JonK.......I never was one to use salt on anything. Most of the salt that I was intaking came from it already being in the foods I bought. There was a time when I used to eat fries. I'd always order them with "no salt" because I found that they would be salted too much for my taste, especially McDonald's fries.
That's just my 2 cents for now.
Jen | 
07-29-2006, 10:02 AM
| | Registered User Culinary Experience: Culinary Instructor | | Join Date: Dec 2003 Location: Morristown, NJ
Posts: 330
| | Quote: |
Originally Posted by JonK Other sodium sources (like MSG and other flavor enhancers, as well as things like hydrolyzed vegetable protein) can raise sodium levels (read the nutrition label for sodium) as can some natural foods, like seaweed. | Actually, careful use of MSG in your cooking can allow you to cut your overall sodium content quite dramatically.
Although MSG does contain sodium, the amount required for cooking is so small, the sodium is negligible. More importantly, though, the MSG magnifies the taste of the salt in the recipe, allowing you to cut back quite a bit without impairing the taste of the dish.
MSG is a huge asset in low sodium diets. | 
07-30-2006, 08:57 AM
| | Registered User Culinary Experience: Cook At Home | | Join Date: Dec 2005 Location: Rochester, NY
Posts: 135
| | Msg I agree with Scott123. MSG (a soluble form of a naturally-occuring amino acid found, for example, in wheat) has gotten a bad rap because of its extensive overuse in prepared foods and bad Far Eastern cooking. It is one of the class of materials (that includes hydrolyzed vegetable proteins) that make up the Umami taste factor, the fifth taste sensation (along with salty, sour, bitter and sweet). Many oriental seasonings, like soy sauce, for example, get much of their flavor from HVPs produced during the brewing process. As a seasoning adjunct, no more than 1/8th to 1/4 teaspoon per four servings is appropriate. While it may be true that a small percentage of people do not tolerate HVPs well (so-called "Chinese Restaurant Syndrome", though recent studies cast doubt on MSG's role), that's largely when large quantities are used to try to disguise the absence of other natural flavors. I realize that amongst many cooks (at least western ones) these are heretical views, but I've experimented quite a bit in "blind" trials, even with cooks who grimace at the mention of MSG. (These were done with consent, of course.)

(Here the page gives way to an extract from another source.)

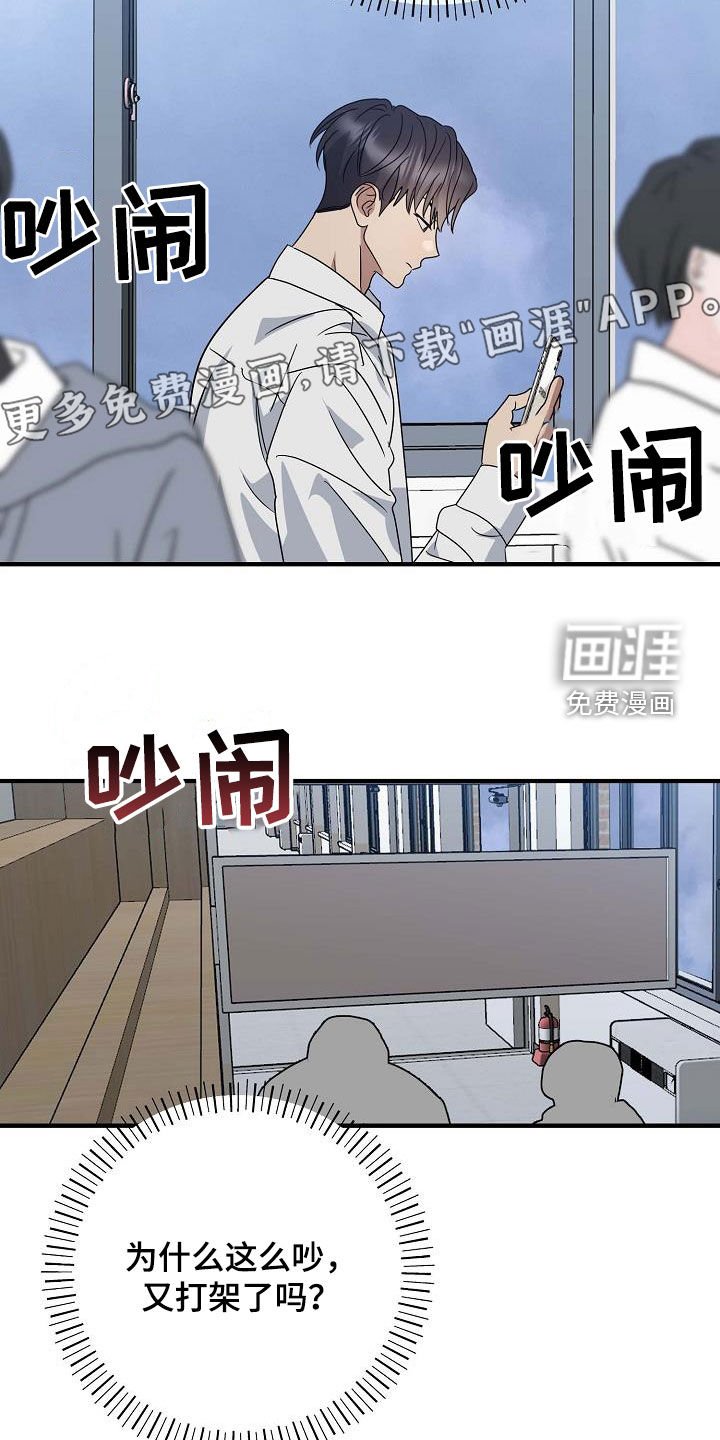 第38章：打架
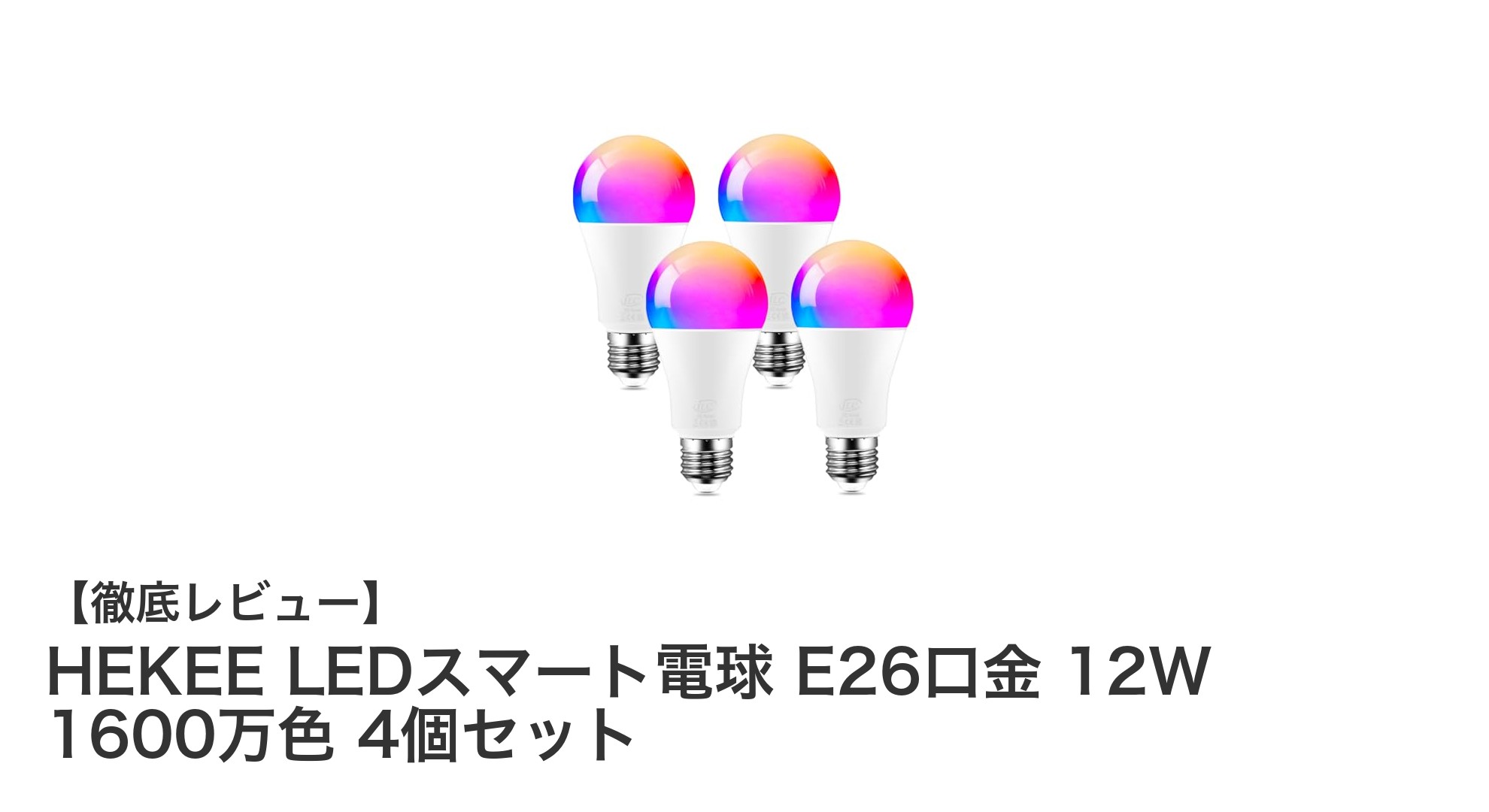 HEKEE LEDスマート電球 E26口金 12W 1600万色 4個セットの魅力徹底解説!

My earlier post was only to note that there are other, often hidden sources of sodium in foods, not to condemn MSG outright. That said, far too many prepared foods are guilty of using MSG or its lesser known relatives (disodium inosinate and disodium guanylate) in large quantities to hide the fact that there's not much else there besides salt. | 
07-30-2006, 10:31 AM
| | Registered User Culinary Experience: Culinary Instructor | | Join Date: Dec 2003 Location: Morristown, NJ
Posts: 330
| | Well said, Jon.
MSG (or any of the names it goes by) on a prepared food label - beware.